Forms of co-ownership
When two or more people hold title together, the exam tests survivorship.
| Form | Survivorship? | Equal shares required? | Passes by will? |
|---|---|---|---|
| Tenancy in common | No | No (can be unequal) | Yes |
| Joint tenancy | Yes | Yes | No (survivor takes) |
| Tenancy by the entirety | Yes | Yes (married couple) | No (survivor takes) |
| Community property | Varies | Half each (marriage) | The decedent's half by will |
Joint tenancy requires the four unities — PITT: Possession, Interest, Time, Title. Break one unity (for example, one joint tenant sells a share) and that share converts to a tenancy in common. Right of survivorship means a deceased co-owner's interest passes to the surviving joint tenants outside of probate, defeating any contrary will provision.
Tenancy by the entirety is available only to married couples and adds a creditor shield: a creditor of just one spouse generally cannot force a sale of the whole property.
Worked numeric: fractional shares and value
Three investors hold a property as tenants in common in unequal shares: Ann 50%, Ben 30%, Cole 20%. The property is worth $600,000.

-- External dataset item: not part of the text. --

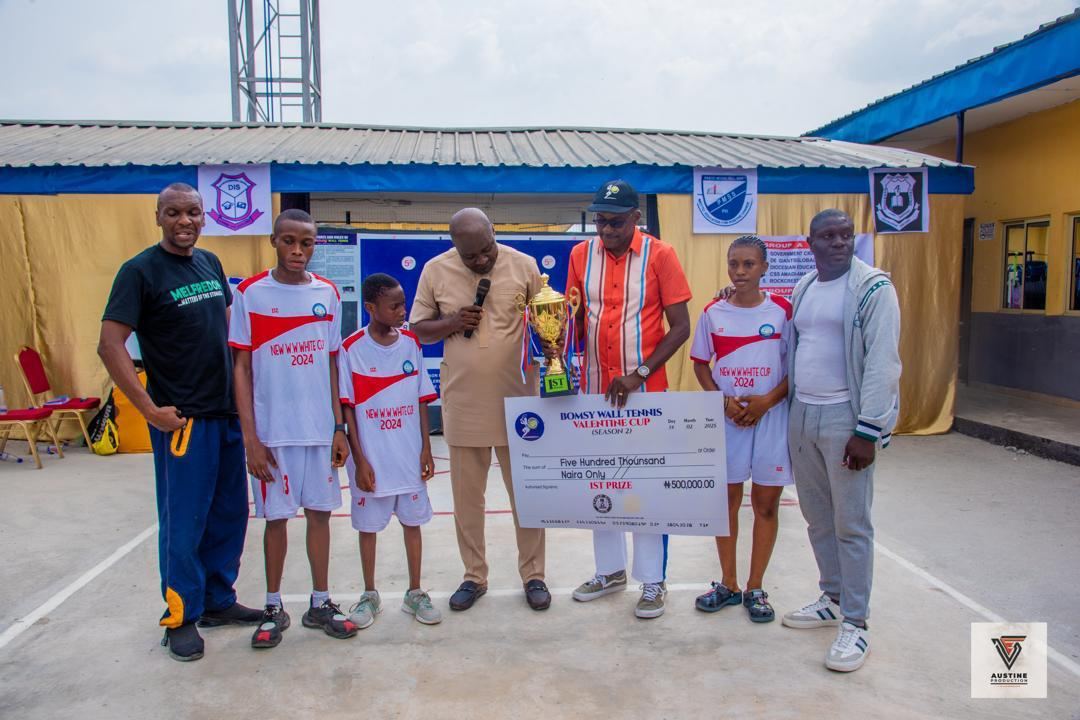 Valentine Cup Season 2 first prize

- Ann's interest: 0.50 x $600,000 = $300,000
- Ben's interest: 0.30 x $600,000 = $180,000
- Cole's interest: 0.20 x $600,000 = $120,000
Ben dies. Because tenancy in common has no right of survivorship, Ben's $180,000 interest passes to his heirs or devisees by will or intestacy — not to Ann and Cole. If the same three had instead held as joint tenants (which requires equal shares, so one-third each = $200,000), Ben's death would pass his share to the survivors, giving Ann and Cole $300,000 each.
Trap: the exam may set up "unequal shares" and then ask about survivorship. Unequal shares are incompatible with joint tenancy's unity of interest, so the answer must treat the ownership as a tenancy in common.

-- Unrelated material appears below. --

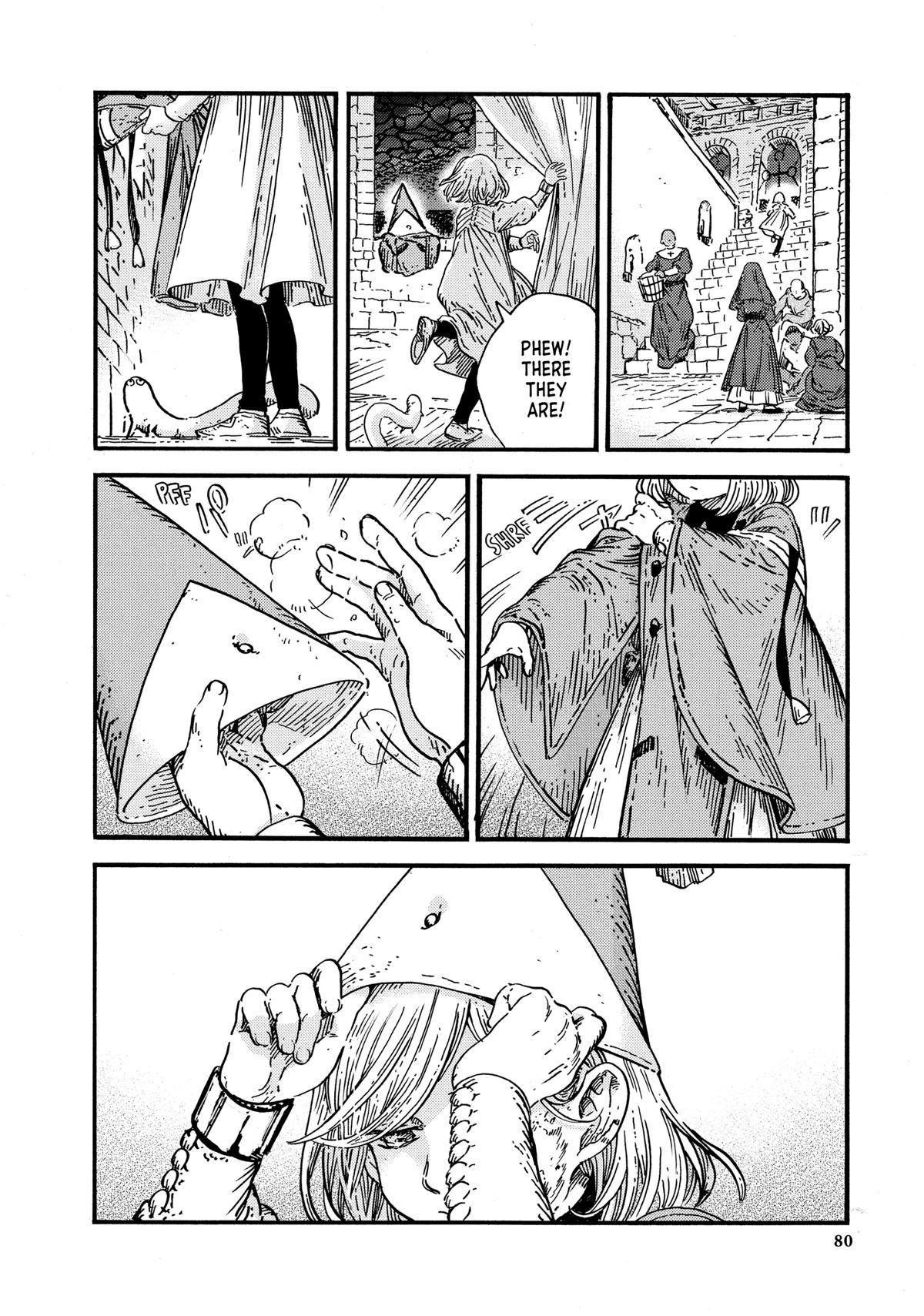 Witch Hat Atelier Chapter 78 - Page 30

Lesser interests and encumbrances
An encumbrance is a claim, lien, or restriction that burdens title but does not necessarily prevent ownership or transfer.
- Easement — a right to use another's land (e.g., a driveway). An easement appurtenant benefits an adjacent parcel (the dominant tenement) and burdens the servient tenement; it transfers with the land. An easement in gross benefits a person or company (e.g., a utility) and is not tied to adjacent land.
- License — revocable permission to use land; not an interest in the land.
- Encroachment — an improvement that physically intrudes onto a neighbor's parcel.
- Lien — a monetary claim (mortgage, tax lien, judgment, mechanic's lien). Liens are financial encumbrances; easements and deed restrictions are non-financial.
- Deed restriction / restrictive covenant — a private limit on use recorded in the chain of title.
Governmental powers also limit private ownership, summarized as PETE: Police power (zoning, codes), Eminent domain (taking for public use with just compensation), Taxation, and Escheat (property reverts to the state when an owner dies with no heirs and no will).
A deed conveys land "to the city so long as it is used as a public park." Two years later the city builds offices on the site. What estate did the city hold and what happens?
Two unmarried siblings own a home as joint tenants with right of survivorship. One sibling sells her half-interest to an outside investor. What is the ownership status afterward?